Tagged: somerville

Assembling the price of a happy city

How long does it take to go from one of Boston’s newest hip neighborhoods, the Innovation District, to one of Somerville’s even newer, actually not quite finished, ones, Assembly Row by public transit? During evening rush hour on a weekday, this trip of about 4.5 road miles took me almost an hour as I traversed the Silver, Red and Orange lines and the #90 bus. Somebody determined enough and in decent enough shape could have run this in about half an hour or walked it it not much more than an hour. Cutting Assembly Row a bit of slack, there will be an Orange line station there later this year.

Still Assembling the Orange line

But why, you ask, would I undertake such an errand? Well, oddly enough, I was headed to a lecture on urbanism set up by the virtual and estimable Design Museum Boston. Christine McLaren, lead researcher of the book, Happy City, was giving a talk at Assembly Row’s outdoor amphitheater (!) overlooking the Mystic River. Well, that’s my second favorite local river and I do love a good amphitheater, so naturally I had to attend. Plus, I wanted to check out Assembly Row.

McLaren served up what I have to describe as the usual New Urbanist kool-aid – of which I heartily partook – but she brought a key insight I hadn’t been paying attention to. Cities, she says, are machines for happiness. The objective function of a city is not efficiency, environmental impact, or GDP, it’s happiness. The key determinant of happiness, according to McLaren’s research, is social connectedness, so urban designs that increase such connectedness are the ones that make people happier and the ones we should build.

View of the Mystic river over the amphitheater

Here’s where I partially part company with the happy city people. They say the research shows that the far-flung suburbs are isolating and so are the densest apartment towers. The happy medium – attached townhouses, for example – is where you get peak happy. That may be so (I have my doubts but my sample size is small) but how can we get all the people who want to live in a city housed if we can’t go higher than townhouses? Like Matt Yglesias, I’m partial to density and don’t think it has to reduce happiness. A well-designed apartment building of any height is just a stack of floors, each one being a group of homes sharing some common space, not unlike a townhouse or courtyard.
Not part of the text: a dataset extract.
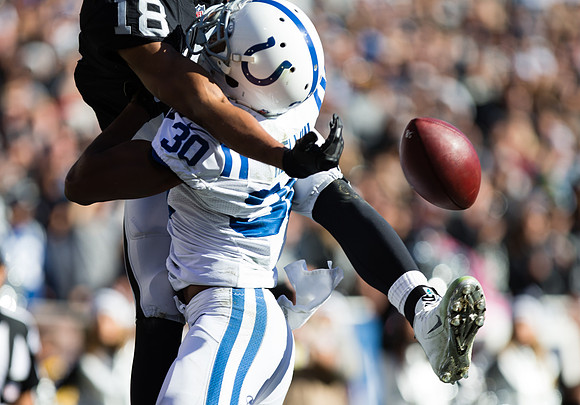 NFL: Indianapolis Colts at Oakland Raiders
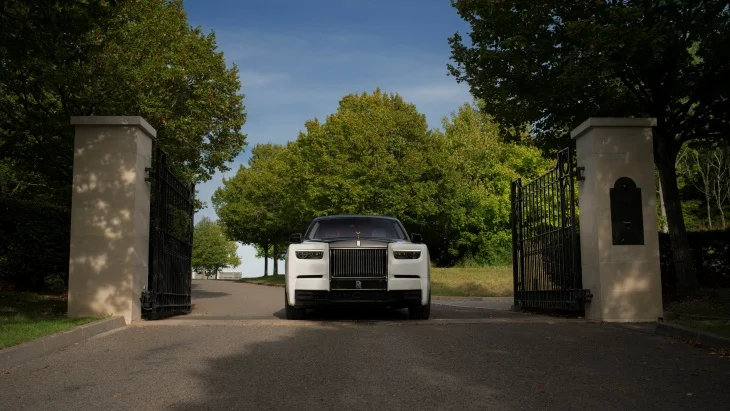 Yüz Yıllık Miras: Rolls-Royce Phantom Centenary Private Collection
Back to Assembly Row. It seems to meet many (though not all, watch those unprotected bike lanes!) the criteria of Happy City, at least it will once the Orange line station opens and the rest of the development is finished. So far as I can tell, there are 195 housing units from studio to 3 bedrooms in the 5-story Avalon development. I’m already thinking this isn’t enough.  As of Bastille Day, they’ve pre-leased 2/3 of the units, including all the 3BR. Mostly studios remain, starting 451 square feet or so for $1.,985/mo. Cheaper and no doubt more modern and well-appointed than downtown Boston but not so different from many existing mixed-use neighborhoods also a few T stops from downtown.

I don’t know how much taller the apartment building could have been by law, but I have to believe that the marginal cost of the 6th floor would be less than the average cost of the first five, and would have provided a 20% increase in housing units for less than 20% more cost. Repeat this logic as high as you care to go, and eventually the supply starts to reduce the price, and equilibrium tells you where to stop.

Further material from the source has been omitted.